The foundation is about two months into a 7-to-9-month process of becoming a 501(c)(3) nonprofit, which would make donations to it tax-deductible. Until that process is complete, the United Way of Colquitt County, which is already a tax-deductible nonprofit, is accepting donations for the foundation, Powers said. Contact Powers at (229) 985-0083 or tim.powers@amerisbank.com if you’re interested in donating.
Parallel to that, the foundation intends to hire a mentoring director to coordinate with the school system, manage volunteers, conduct background checks and schedule mentoring sessions.
Powers said he has 60 people committed to be volunteers, but it will probably be next school year before they start working with students. The board wants to get the director in place first, plus the coronavirus pandemic is limiting the ability to meet with students face-to-face.
Powers is confident the mentoring plan will work because it’s worked elsewhere, but students here face some deep-seated challenges: generational poverty, language barriers, and stress and anxiety.
“My pointing it out is not to be critical of our school system,” he said. “I don’t think the problem is theirs.”
Georgia Milestones reports 49% of Colquitt County students are “economically disadvantaged.” Powers said a 3-year-old from an impoverished household has heard 34 million fewer words than a 3-year-old whose parent has a professional degree.
“They [the schools] have children walking into kindergarten two years behind linguistically,” he said. “How do they make that up?”
Children in poverty also don’t have the opportunities to visit the library, a zoo or the Arts Center, he said, missing out on learning experiences that more affluent parents can offer their children.
Meanwhile, 21% of Colquitt County students need additional instruction on the interpretation and use of the English language, Georgia Milestones said.

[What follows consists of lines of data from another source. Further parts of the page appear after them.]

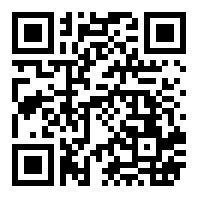 四川魔之芋食品有限公司店铺码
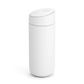 Carter Slide Mug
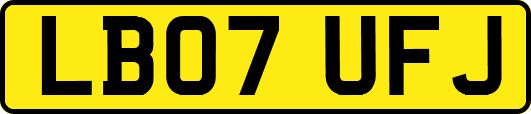 LB07UFJ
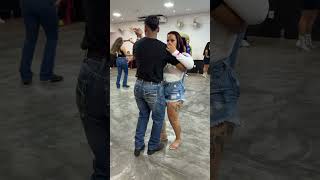 #forro #dança #baile #dancarinos #patosdeminas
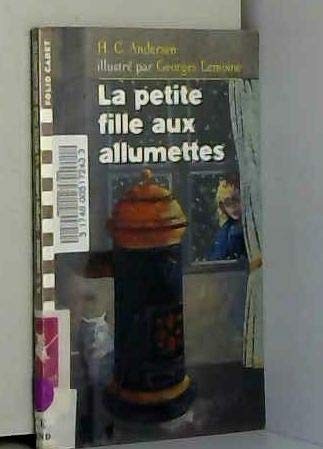 Petite fille aux - fille,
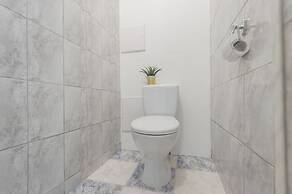 GM Apartment 1-Ya Tverskaya-Yamskaya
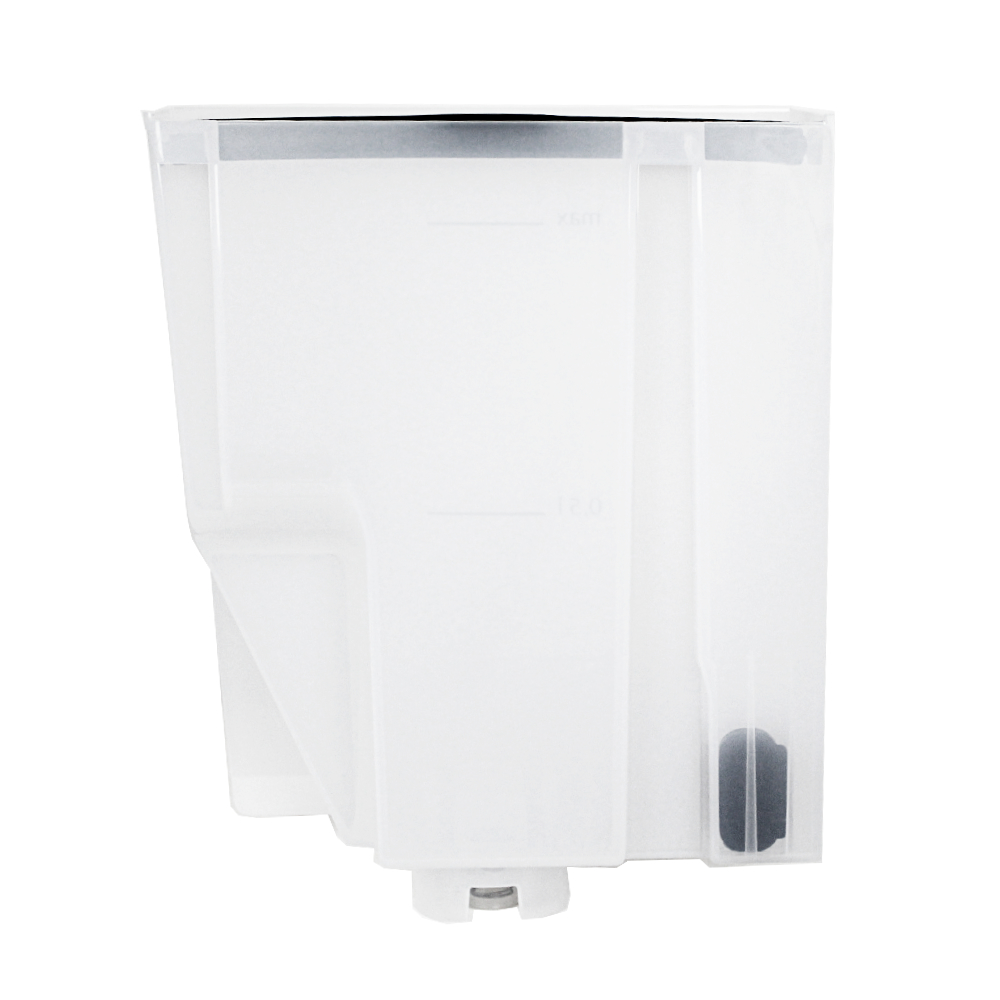 Melitta Wassertank Weiß Caffeo E950/E955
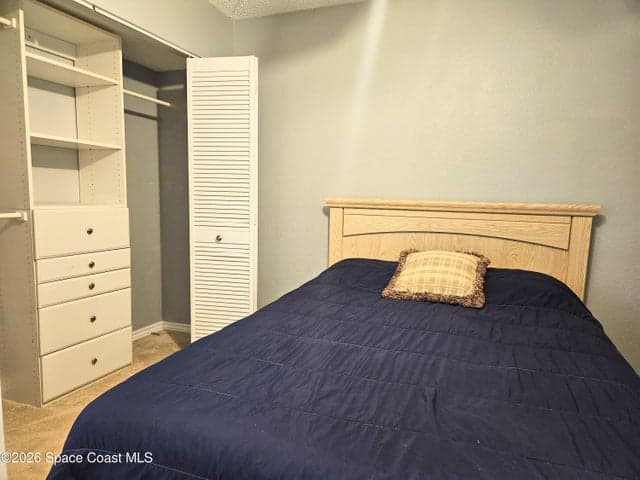 1700 S Atlantic Avenue #103, Cocoa Beach, FL 32931 — photo 16
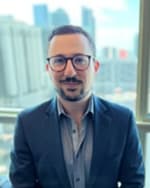 Click to view profile of Mason R. Wolfe, a top rated Business Organizations attorney in Miami, FL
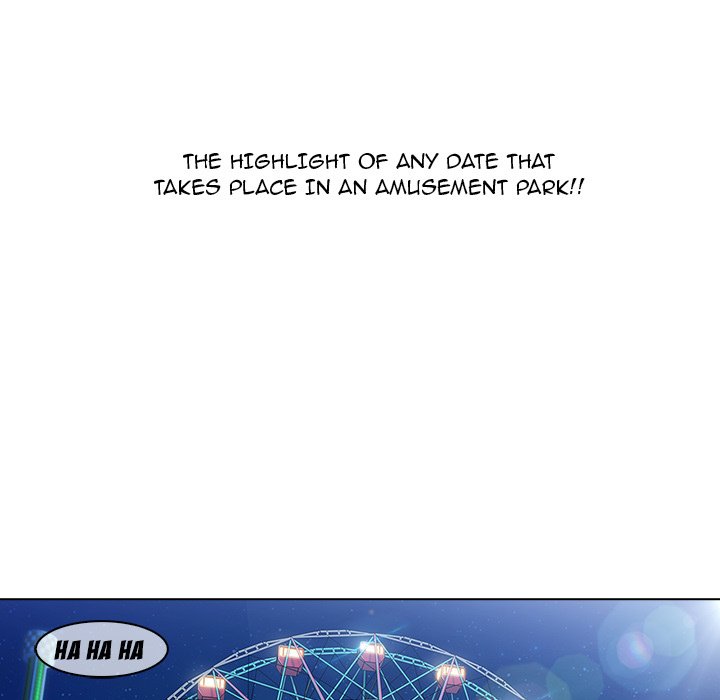 Lady Long Legs Manhwa - Chapter 3 Page 52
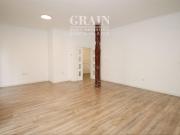 Piso en venta en Albacete, Centro. Piso en venta en...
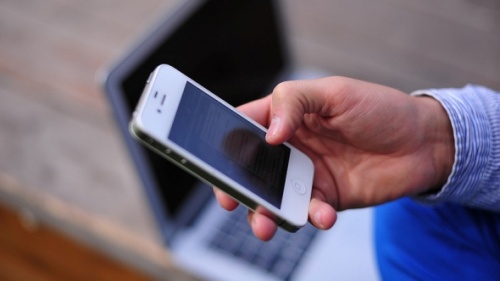 Павлодарлықтар мекенжай анықтамаларын ұялы телефон арқылы ала алады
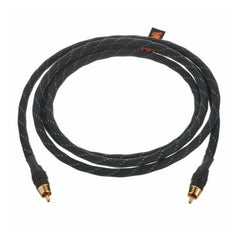 Vovox Link Protect AD S/PDIF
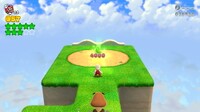 SM3DW W4-MH 8th Challenge.jpg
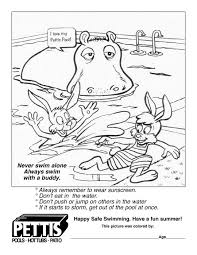 We did not find results for: National Water Safety Month Coloring Page Sun Coloring Pages Halloween Coloring Pages Coloring Pages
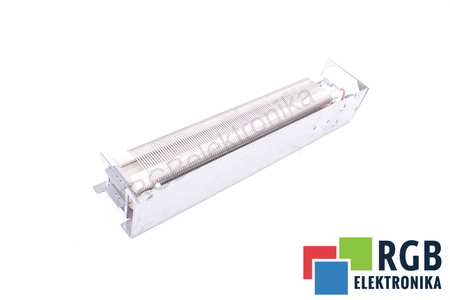 FEC660202-IS BOSCH REXROTH R911321903 REZISTENȚA LA FRÂNARE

That’s primarily a function of the large number of Latino families in the county, Powers said, but some native speakers also struggle with the language.
Finally, the current generation faced stress and anxiety unlike any of their forebears even before the coronavirus, Powers said.
“The average child today exhibits the same level of anxiety as the average psychiatric patient in the 1950s,” he said, quoting a passage in Max Lucado’s book “Less Fret, More Faith,” which was published in 2017.
But Powers knows mentoring works because it worked in Bibb County:
• In 2015, 38% of Bibb County’s third grade students were reading at grade level, he said; that’s almost identical to where Colquitt County is now.
• Three hundred mentors, working in 12 Bibb County elementary schools, used United Way’s Read United program with students in kindergarten through third grade, the same age group targeted by the Colquitt County Educational Foundation.
• In 2019, 59.6% of Bibb County third graders were reading at or above grade level. That year is important because the kindergartners of 2015 were the third graders of 2019; they were the first class to go all four years in the program.
“In the 2018-19 school year, 89% of third grade students who participated in Read United passed the standardized Georgia Milestones learning assessment test on their initial attempt,” according to a Macon Telegraph story cited in a Colquitt County Educational Foundation flyer.
The long-term benefit will be not only to the student but to the community, Powers said, explaining the strong support the foundation has received from the Chamber of Commerce and the Development Authority.
Two of the challenges the community faces are no high-paying jobs to bring local students home after college and difficulty attracting high-paying industries because the community can’t provide a highly educated workforce, he said.
Improved literacy among third graders translates to a better educated workforce as they become adults, which translates into more economic development for the community.